Like 1 in 5 New Zealand children I have a history of self-harm and poor mental health. Like my flatmate and so many of my friends I have been medicated and worked with clinical psychologists, therapists and counsellors.
I have the tools, the passion and the knowledge to work where we are struggling. My personal experience of this pain, my personal experience of Yoga and my personal experience of our education system as a student, and as a teacher in our classrooms inspires and informs my mission. My mission uses Yoga as a context for teaching these skill-sets that our young people are missing.
It is a mission that works. For two years I have gathered research whilst writing and piloting a program teaching these things to young people. My local city council has supported the growth of the program and together we have gathered feedback from over 500 children and teachers. I have run trainings and created resources including a Yoga Card Deck support classroom teachers and parents.
I have seen the change of young boy. From not sleeping before 11pm and crying before school every day to a young man choosing to practice his self-created bedtime movement and breath routine, this nine year old has begun to understand not only who he is but how he can best function in this world.
I can show a picture of his bedtime routine that he does every-night without prompting and I can share a picture of a certificate from school to demonstrate that he ha been using breathing skills to manage his emotions at school. His parents and grandparents can tell me anecdotally; I can take pictures of his certificiates and movement sequences; I can hear that he is a different child but how can I prove to the world that what I am doing is making a genuine impact?

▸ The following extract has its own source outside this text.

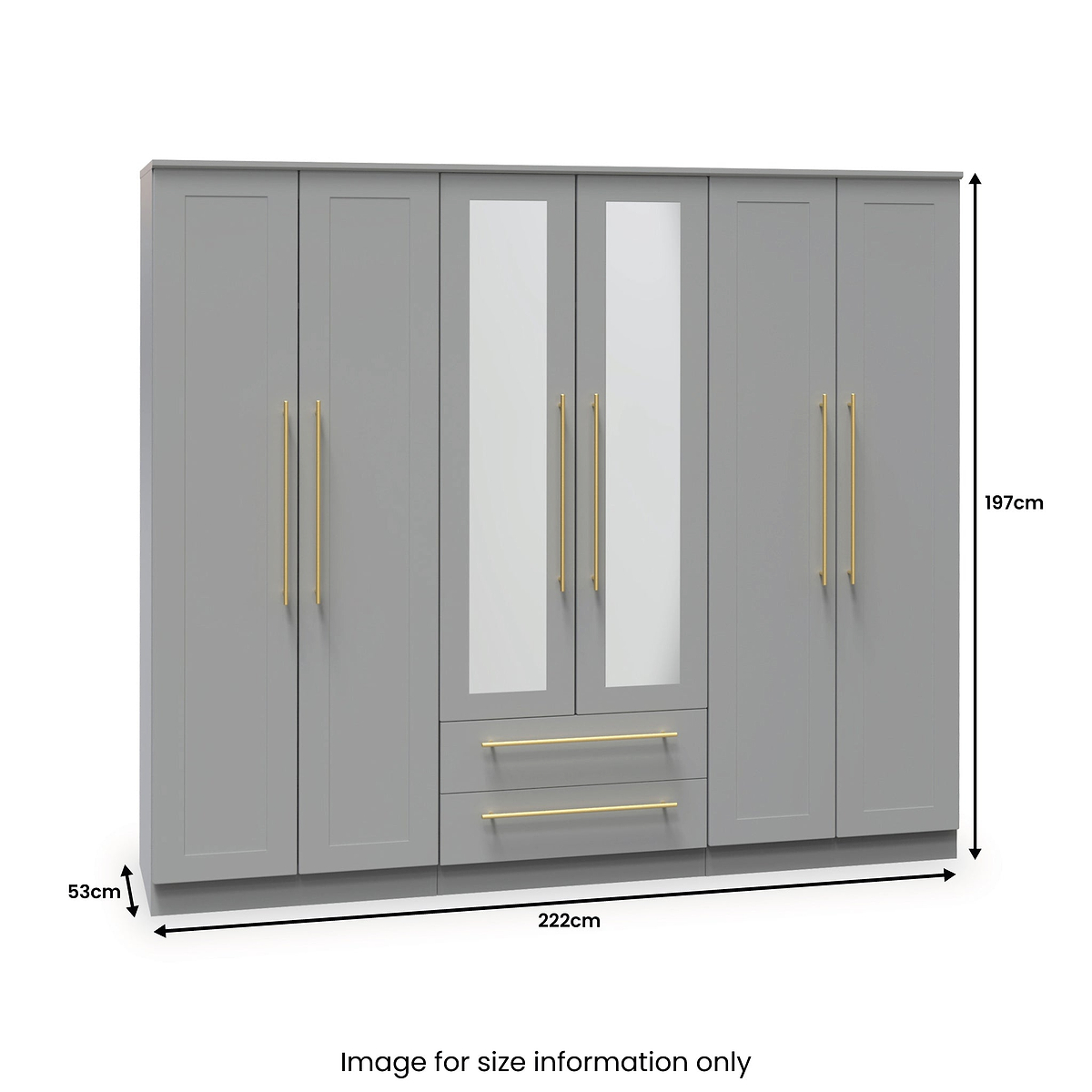 Bramham Grey Tall 6 Door 2 Mirror Wardrobe dimensions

This year we were acknowledged by the New Zealand Fitness Industry for our contribution to our community, National Radio, UNICEF NZ and the Education Gazette are taking notice of our work. I have been doing this for two years with my local city councils support but I have reached the end of my knowledge capacity and their financial capacity. We are working hard to make it sustainable by seeking community, parent and school funding and I know Seedling can function as a sustainable Social Enterprise.
I have begun a Master’s in Education to gain a faculty of peers and to better understand how to measure the impact and improve the delivery of this program. This is the first step towards my PHD and there is a scholarship that can make this possible for me. I will do it anyway, but with the Toptal scholarship I can afford to train, support and compensate other yoga teachers to deliver this program, expanding not just the programs impact but increasing the network of teachers implementing and reviewing and contributing. With this team behind me I can increase not only the amount of data collated but the number of people available to young people who ned someone to care about them.
To win the Toptal scholarship would mean not just financial possibilities but, even more valuable, the provision of a mentor. My ideal mentor would be someone who understands Social Enterprise and can guide me to lead and develop an increasingly sustainable organisation . One with a cooperative and well-supported team that continues to deovier supportive and valuave content while I write what will eventually be a measurable, implementable wellbeing curriculum that countries across the world will model theirs on.
One day I will write the curriculum for classroom teacher training in New Zealand based on my PhD thesis. I will ensure that all New Zealand young people are taught how to care for their own mental, physical and emotional well-being in their classrooms by well supported and trained teachers.
In New Zealand there are too many lit candles for lives we could have saved. It is painfully apparent to me that it is not just grief, that drives me. It is the knowledge that it is our responsibility to lead change that drives my work and I know that the answer lies in Education. In the words of William Butler Yeats, “Education is not the filling of a pail, but the lighting of a fire.” Let us light a candle of knowledge instead of a candle for the passing of a life.